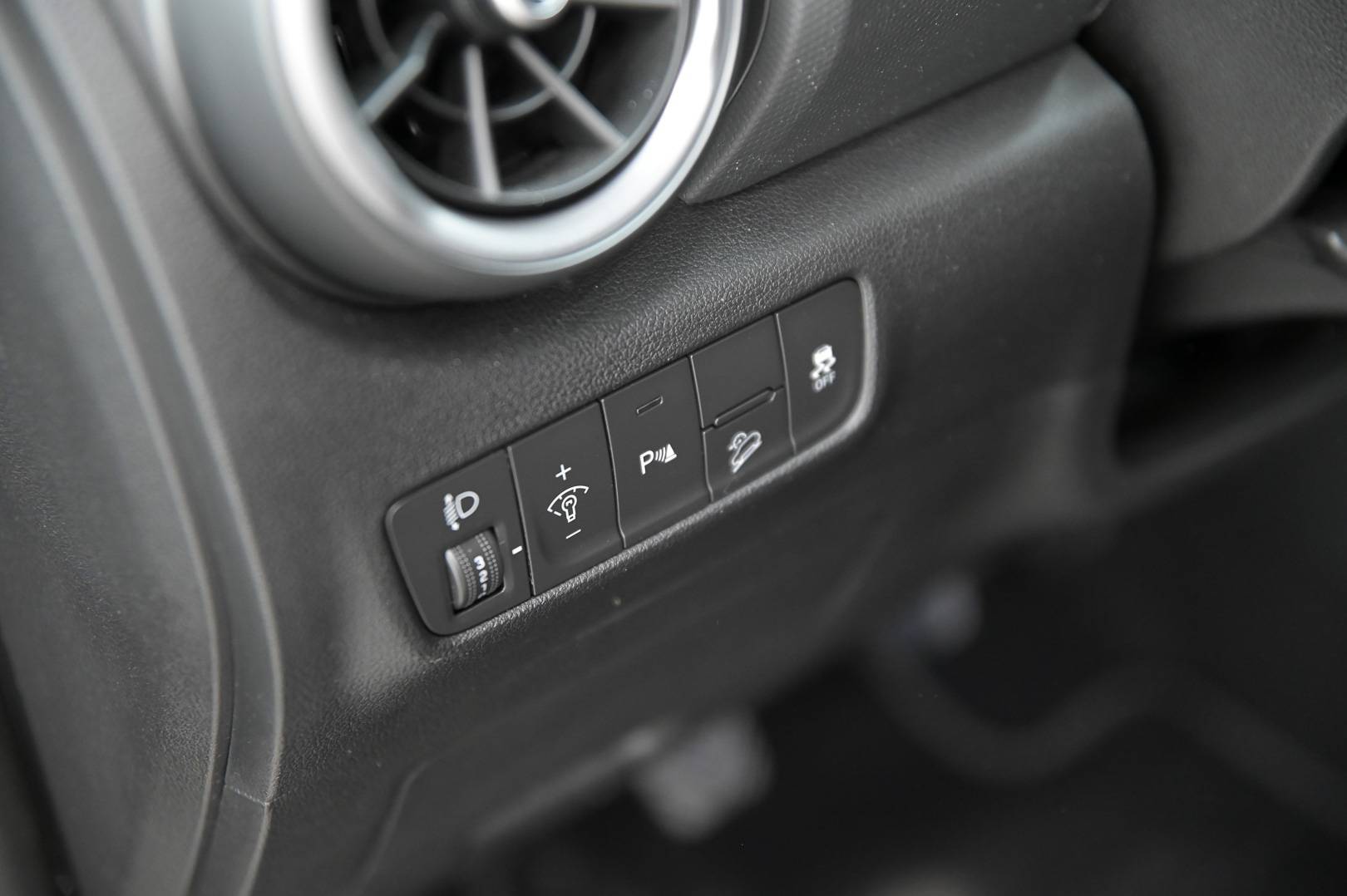 HYUNDAI Kona - Foto 15
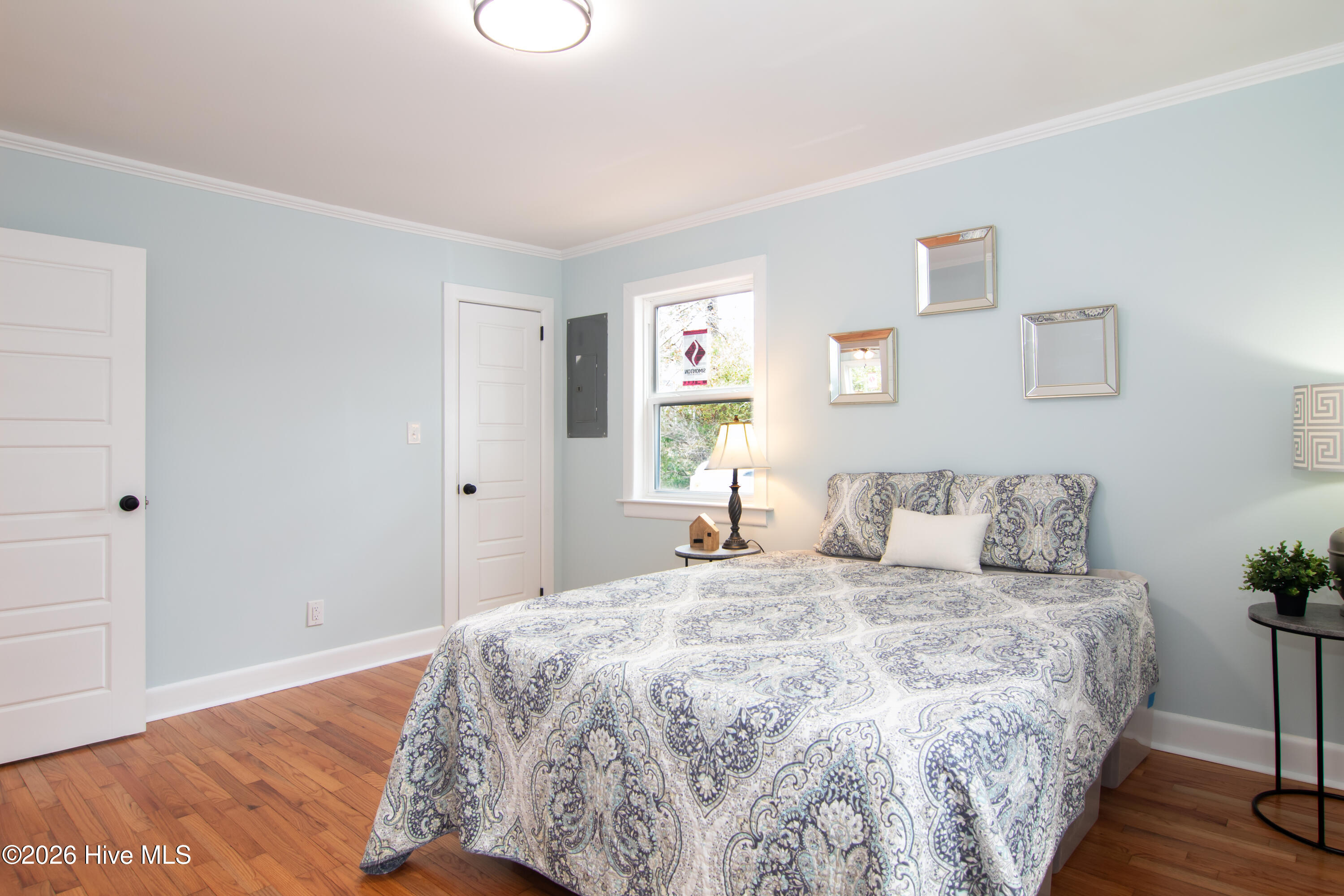 100555298 | Photo 18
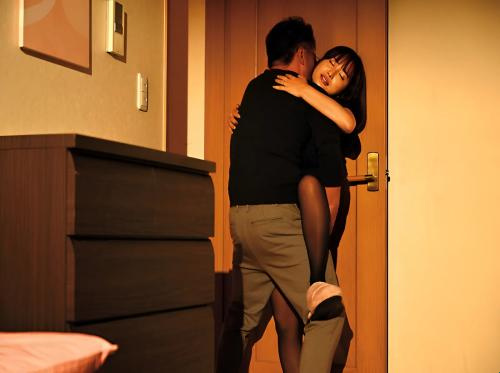 Una prostituta ha una relazione con un vicino perché suo marito è sessualmente debole Una prostituta ha una relazione con un vicino perché suo marito è sessualmente debole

Your goal:
Any picture in the listing is to be omitted. Return exactly the lines from the one containing "100555298 | Photo 18" through its last line, both included, and only those.

Response to this task:
 100555298 | Photo 18
 Una prostituta ha una relazione con un vicino perché suo marito è sessualmente debole Una prostituta ha una relazione con un vicino perché suo marito è sessualmente debole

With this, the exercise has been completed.